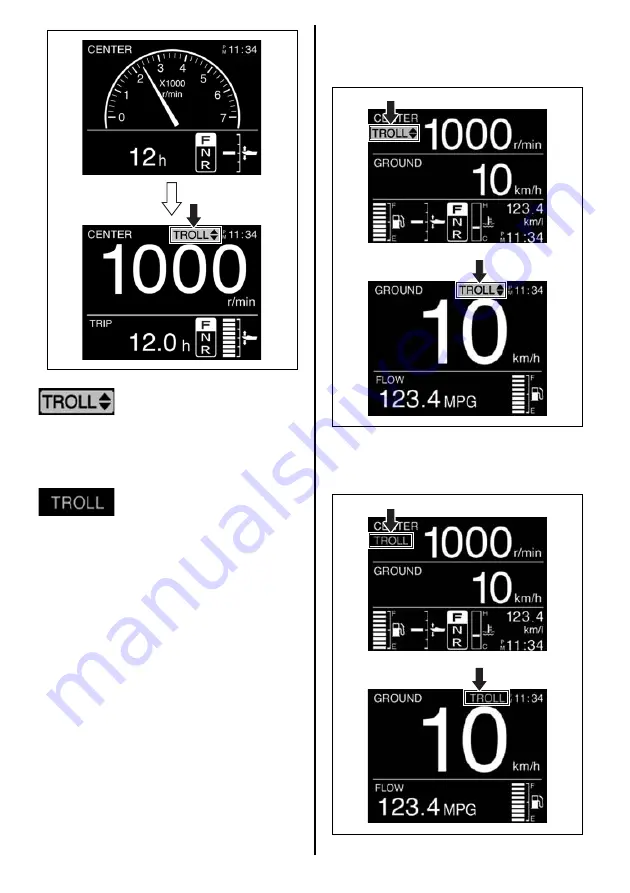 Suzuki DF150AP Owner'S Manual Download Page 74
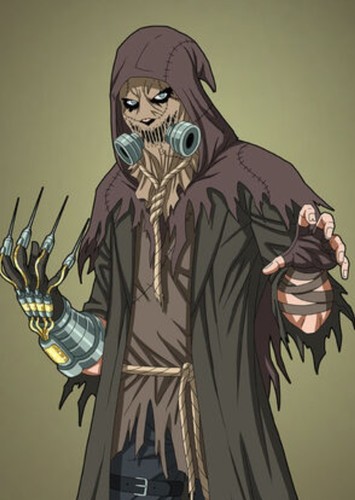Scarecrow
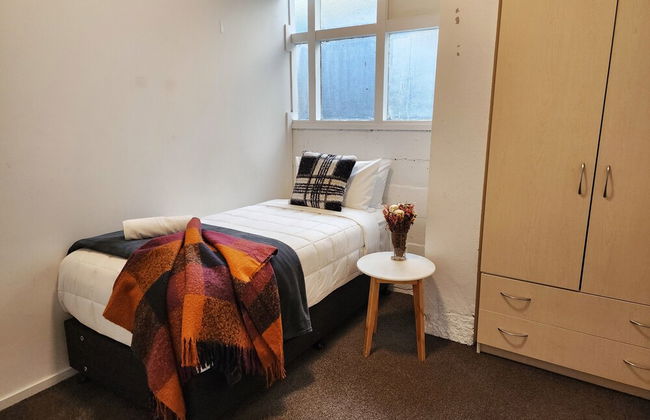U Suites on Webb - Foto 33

==============================

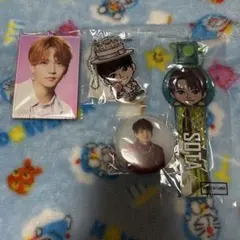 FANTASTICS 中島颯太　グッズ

==============================

In the data above, find the line containing "Suzuki DF150AP Owner'S" and the line containing "U Suites on Webb - Foto 33". Repeat those two lines and everything between them exactly, minus the pictures.

 Suzuki DF150AP Owner'S Manual Download Page 74
Scarecrow
U Suites on Webb - Foto 33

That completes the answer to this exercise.